幕末期到来(6)
やった。言いたい事は全て書き込んできた。あとは松陰自身がこれにどう答えてくるか・・・・・・それを待つばかりだ。
久坂は、松陰が手紙を読んで感嘆するであろう様を想像し、意気揚々と帰宅の途についた。
一方、手紙を預かった文はいそいそと兄の居る一室へ足を運んでいた。
「寅兄様、文に御座います。兄様へ手紙を言付かっておりますが。如何致します?」
小さな声でそっと中の人へ問いかける。
暫くすると内側からカタカタと音がし、やがてスーっと襖が開かれた。
「僕に手紙?はて、誰からだろう。」
何も知らぬと言いた気なその口調とは裏腹にその表情は実に嬉しそうである。松陰自身、本気で問うているのではない。
その手紙を誰が置いて行ったものかよく承知しての言葉だった。
「まぁ、寅兄様ったら・・・。ふふ、先程久坂玄瑞様とおっしゃるお方がいらしたのですよ。」
「ほう。久坂君か・・・。お文、お前から見て彼はどんな男じゃった?」
機嫌の良い表情を崩さぬまま、松陰は妹に訊ねた。そう聞かれて文は暫し目を天井へ向け考える様な顔をしていたが、直ぐまた松陰の方へ視線を下ろすとこう述べた。

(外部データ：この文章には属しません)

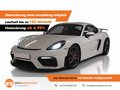 Daumennagel 1 - Porsche 718 Cayman GT4 PDK/SPORT CHRONO/PASM/AGA+ PDK
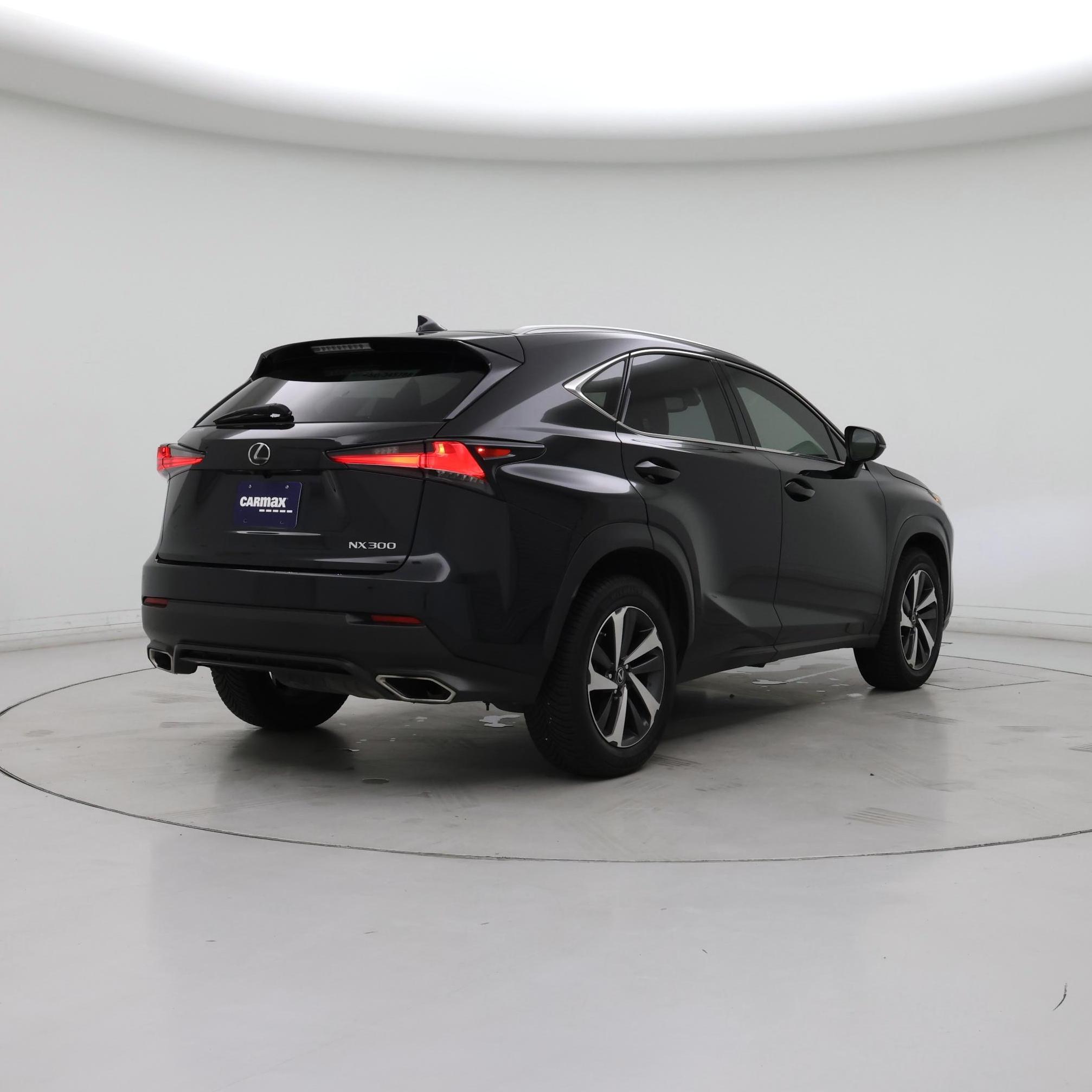 Thumbnail: 2019 Lexus NX - 8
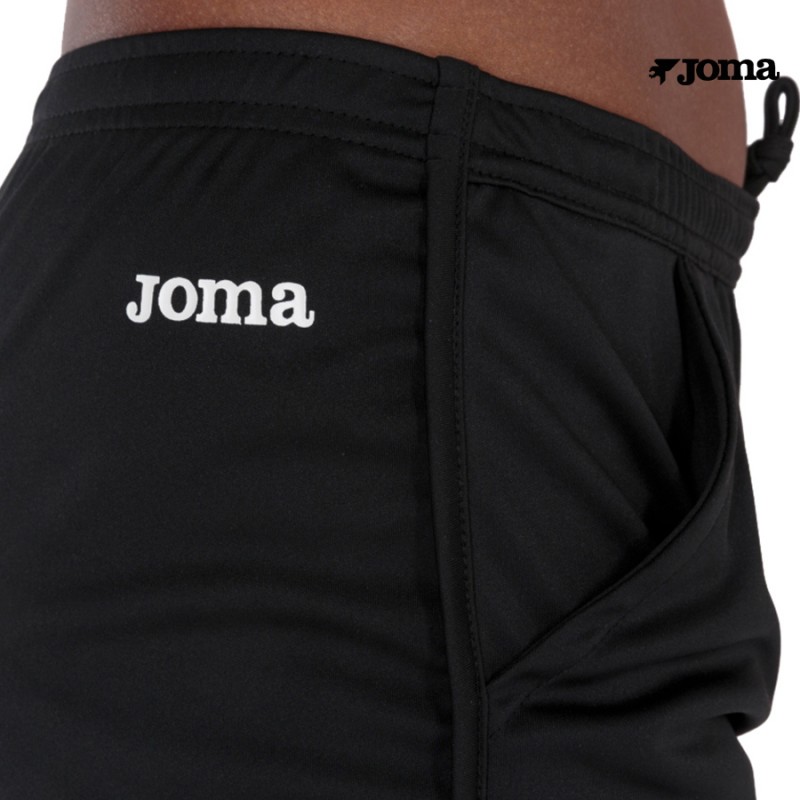 Foto 3 pulgar | 900250100 Short Hobby Negro Joma Para Padel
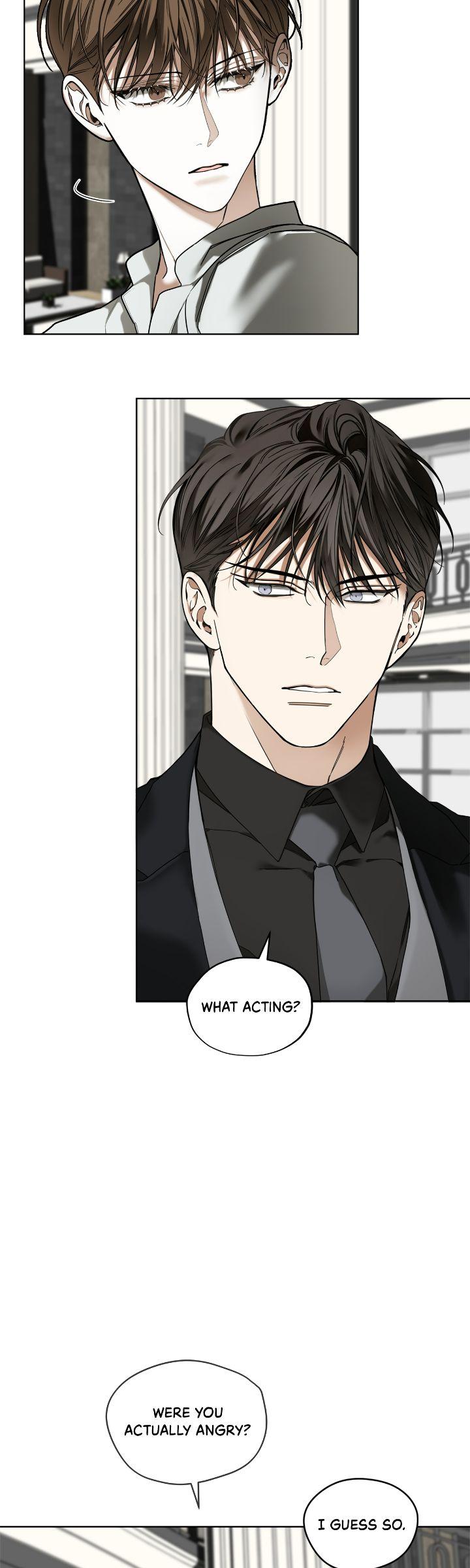 The Foul Chapter 86 - Page 39 in English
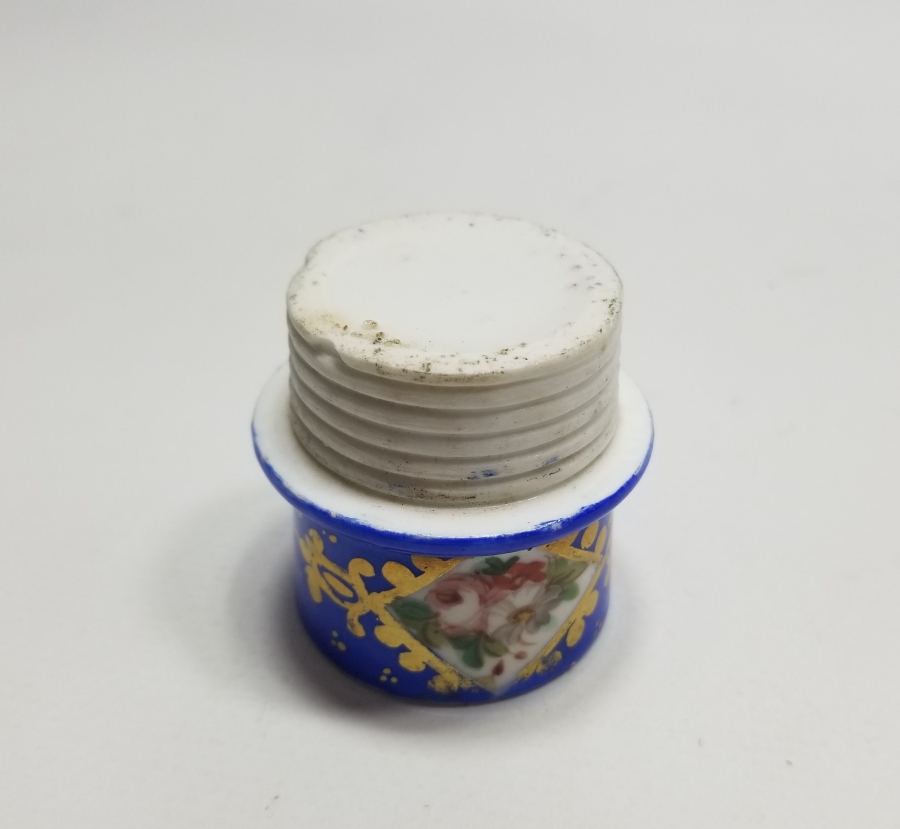 EL BOYAMA İŞÇİLİKLİ OSMANLI DÖNEMİ NADİR HOKKA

「そうねぇ、最初は可笑しな人だと思いましたよ。だってお坊様が刀を佩いてるようにしか見えなくて。」
「ほう・・・・・・。」
「何も言って無いのに”怪しいものではありません”だなんて・・・ふふふ、本当に可笑しな方だったわ。でも、凄く真面目な方だとも思いましたよ。」
「ははは、成る程、確かに頭を丸めた武士姿は見たことも無いだろうからなぁ。」
「でも、兄様。折角ここまでいらっしゃったのに、お会い成らなくて残念ですわね。」
文はそう付け加えて静かに席を立った。
松陰は彼女が去ってから、ゆっくりと封書を解き始めた。
台所へ戻り、片付けの作業を再開しようとしていた文はまたもや、一人の客らしい人物の来訪を迎える事になっていた。

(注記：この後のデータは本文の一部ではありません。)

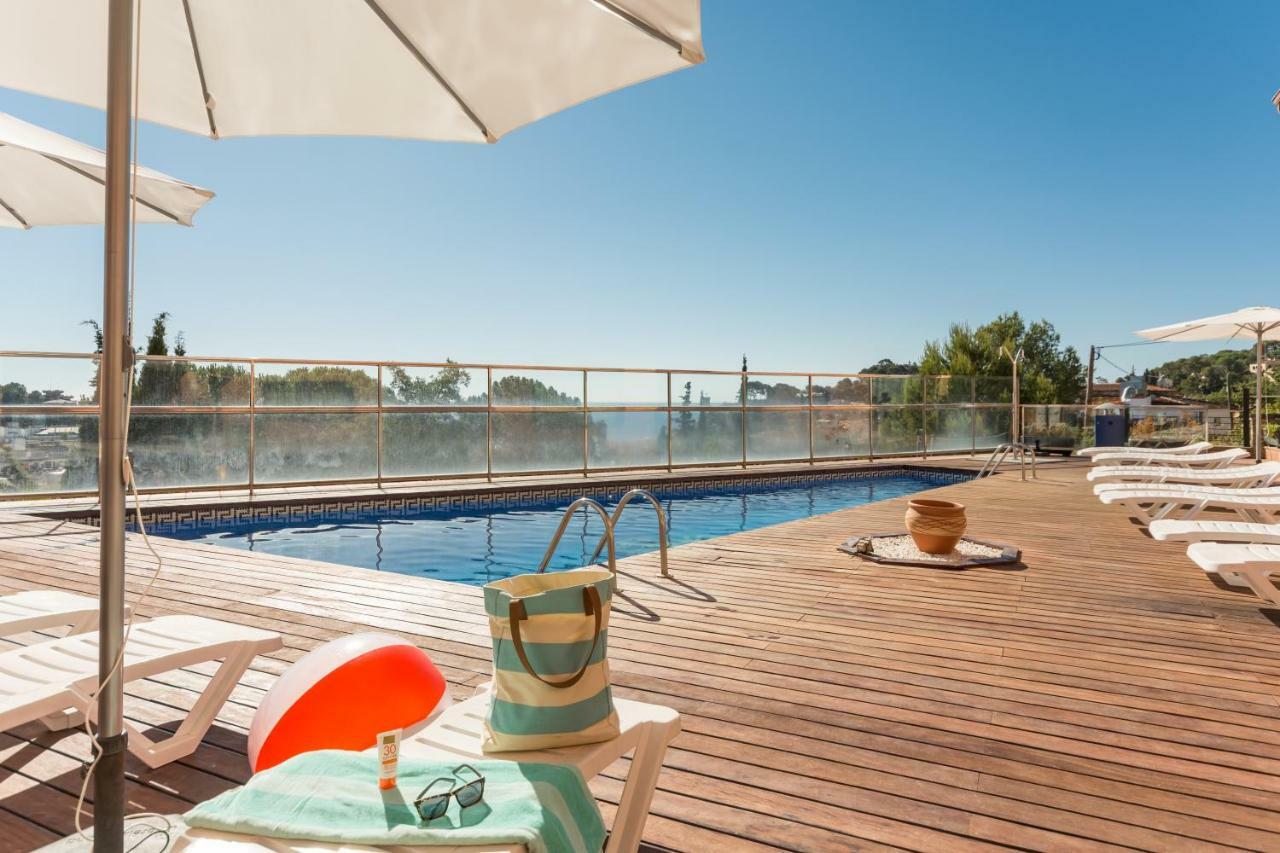 Pierre & Vacances Villa Romana Tossa de Mar Eksteriør bilde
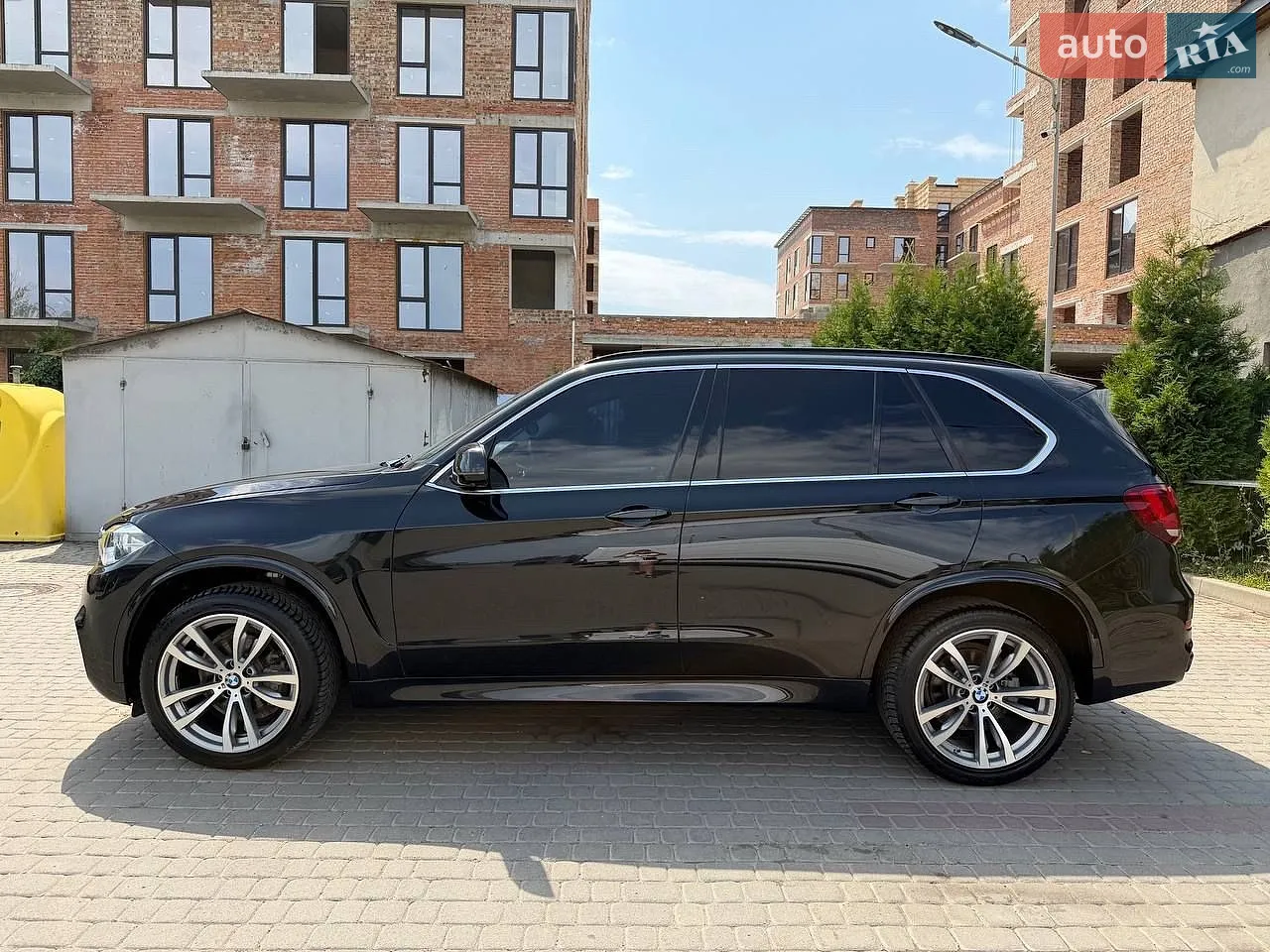 2014 BMW X5 - мініатюра 6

自宅へと帰った久坂は、羽織袴を脱ぎ楽な着物姿に戻ると、書斎へ入り再び机に向かい筆を取る。今度は松陰ではなく、自身に律する詩を書く為である。
刻一刻時間は経っていく。書きながらもやはり松陰の返書が来るかどうか・・・気になって仕様が無い。久坂は詩を書き上げると、ふと外の景色に目を移した。

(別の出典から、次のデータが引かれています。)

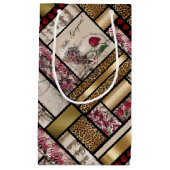 Petit Sac Cadeau Beauté intérieure magnifique (Devant)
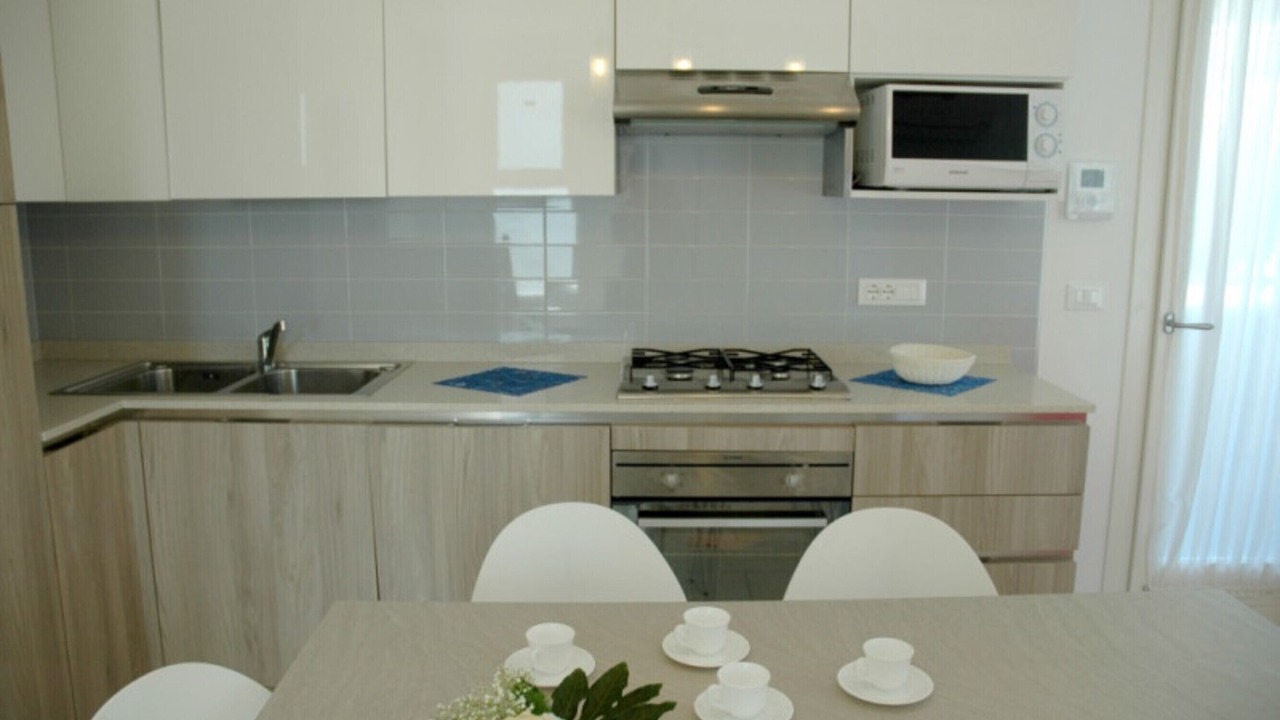 Photo of Kitchen in Lignano Pineta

今日は本当に忙しく、そして慌しく過ごしたものだなと、落ちる木の葉を眺めつつふと溜息吐いた。
(宮部先生・・・吉田松陰とは先生達が称賛するに値する人物なのでしょうか。私には未だ解りかねます)
久坂にとっての最初の松陰像は師ではなく、論に限っては敵対する一勢力に他ならなかった。まさか後の自身の生涯に深く影響する事になるとは全く予見できぬ事であった・・・・・・・・・。
翌朝、久坂は山県の屋敷を訪れる事にした。
(この頃、山県源太郎は大楽家の養子として入る為、姓を以後「大楽」と改める)
「先生はご在宅でしょうか?」
家人に尋ねたが、どうやら彼は何処かへ明け方から出ていて居ないらしい。久坂は非常に残念だったが諦めて自分も同じ様に散歩にでも出かけようと小高い山道をゆっくり登っていった。
暫く登って行くと、向こう側から小さな人影が見える。久坂は眇め(軽斜視)の目を細くして人物を見ようとした。先程不在と聞いた大楽源太郎その人である。
久坂は彼の姿を認め、嬉しそうに近づいていった。大楽も久坂の姿に気付くと少し微笑んで彼の方へ歩を早めた。
「大楽先生!こちらに居られるとは。実は先程そちらへ伺った所でして・・・。」
「それは悪かったな。天気がいいし、何か良い詩作が浮かばんものかと思い、散策をしていた所だ。」
「先生もですか?実は私もこんな天候の良い日に室内では勿体無いと思い、お誘いしよう思うて居たんですよ。」
「はは、考える事は皆同じだな。それより、この山の中腹に小さな庭が造られていて眺めは絶景だぞ?行って見るかい?」
「是非に。大楽先生の詩作もご披露願いたいものですな。」
「ああ、もう”先生”はお止めなさい。堅苦しくて如何。」
「・・・それでは、先生・・・と、大楽さんの仰る通りにしましょう。」
苦笑い交じりに言う大楽に、久坂は嬉しそうに頷いた。この両人は共にこの後も親友として交流を持っていくのである。
久坂、大楽の二人は小高い山を再び、今度は連れ立って話を弾ませながらゆっくり登って行くのであった。